With the benefit of that guidance in the authorities, I am amply satisfied that this case falls comfortably within the scope of clerical error within the meaning of section 20(1)(a). It appears to me plain that David was always meant to be included in the class of Beneficiaries for the purposes of the overriding powers in clause 9, and that the omission of his name from the Beneficiaries, in the context of that clause at any rate, was simply an oversight. It was a drafting slip, which both as a matter of ordinary language, and on the authorities, can readily be classified as a clerical error; and it is therefore one which the court happily now has jurisdiction to put right.
The only remaining question is how the will should be rectified. The suggestion advanced by counsel is that the simplest solution is simply to amend the definition of Beneficiaries in clause 3.4 so that it expressly includes David as well as Mark, Adam and remoter descendants. They also suggest, and I agree, that it would be sensible for the avoidance of doubt to insert the word “my” before “remoter descendents,” thereby making it plain that the descendants in question are those of the Testatrix. I agree that this is the simplest and most appropriate way of bringing about the necessary rectification and I will therefore make an order in those terms. I will also direct that the Third Defendant, Luke, should be appointed to represent the interests of any other unborn or unascertained beneficiaries who may hereafter become interested under the trusts of residue.
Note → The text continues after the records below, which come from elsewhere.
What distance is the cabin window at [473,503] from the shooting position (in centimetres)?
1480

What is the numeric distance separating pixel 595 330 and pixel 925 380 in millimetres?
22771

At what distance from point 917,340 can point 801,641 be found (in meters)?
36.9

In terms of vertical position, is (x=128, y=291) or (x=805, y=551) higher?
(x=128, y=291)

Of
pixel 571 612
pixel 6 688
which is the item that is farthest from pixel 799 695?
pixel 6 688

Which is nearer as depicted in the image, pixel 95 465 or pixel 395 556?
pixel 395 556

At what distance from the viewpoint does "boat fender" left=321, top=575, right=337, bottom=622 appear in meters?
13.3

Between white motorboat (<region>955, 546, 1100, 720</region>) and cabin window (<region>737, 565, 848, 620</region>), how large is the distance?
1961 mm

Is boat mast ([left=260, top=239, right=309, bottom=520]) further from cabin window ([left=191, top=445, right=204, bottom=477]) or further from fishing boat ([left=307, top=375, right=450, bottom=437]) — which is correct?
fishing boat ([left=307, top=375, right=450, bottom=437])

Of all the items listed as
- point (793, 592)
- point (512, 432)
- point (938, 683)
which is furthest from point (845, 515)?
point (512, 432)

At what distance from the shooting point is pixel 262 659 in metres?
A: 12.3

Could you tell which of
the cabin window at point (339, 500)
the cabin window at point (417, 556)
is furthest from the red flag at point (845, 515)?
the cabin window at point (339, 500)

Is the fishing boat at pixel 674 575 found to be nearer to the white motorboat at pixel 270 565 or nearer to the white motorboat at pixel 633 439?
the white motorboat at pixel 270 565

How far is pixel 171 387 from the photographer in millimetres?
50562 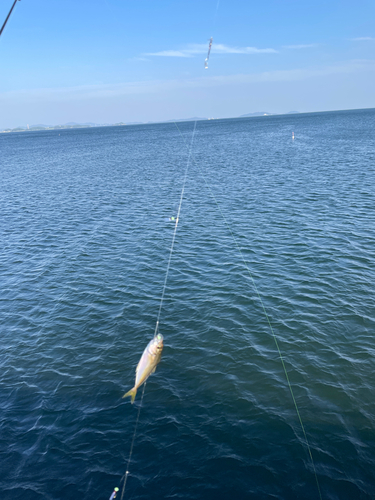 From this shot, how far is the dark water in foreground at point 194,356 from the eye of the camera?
30.6 ft

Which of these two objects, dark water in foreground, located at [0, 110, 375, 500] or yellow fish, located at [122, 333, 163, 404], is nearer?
yellow fish, located at [122, 333, 163, 404]

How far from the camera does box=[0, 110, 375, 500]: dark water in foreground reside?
30.6 ft

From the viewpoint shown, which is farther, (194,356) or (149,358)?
(194,356)

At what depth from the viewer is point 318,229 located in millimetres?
25172

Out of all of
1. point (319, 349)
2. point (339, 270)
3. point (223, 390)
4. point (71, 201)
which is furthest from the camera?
point (71, 201)

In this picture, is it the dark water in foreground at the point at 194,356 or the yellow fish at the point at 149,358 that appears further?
the dark water in foreground at the point at 194,356

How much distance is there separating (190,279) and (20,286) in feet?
32.8

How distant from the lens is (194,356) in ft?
44.8

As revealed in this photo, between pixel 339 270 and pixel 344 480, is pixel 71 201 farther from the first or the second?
pixel 344 480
It only remains for me to mention that the solicitors have very properly agreed to pay all the costs of this application, and although the order which I am invited to make simply provides that the costs of the parties are to be costs in the estate, I am told that the agreement to which I have referred will have the result that the costs are all borne by Ashton Graham. That is, of course, appropriate, since it was Mrs Dunn’s unfortunate mistake which gave rise to the problem and necessitated this application. But, for the reasons which I have given, I am satisfied that this application should succeed and I will make an order in the terms requested.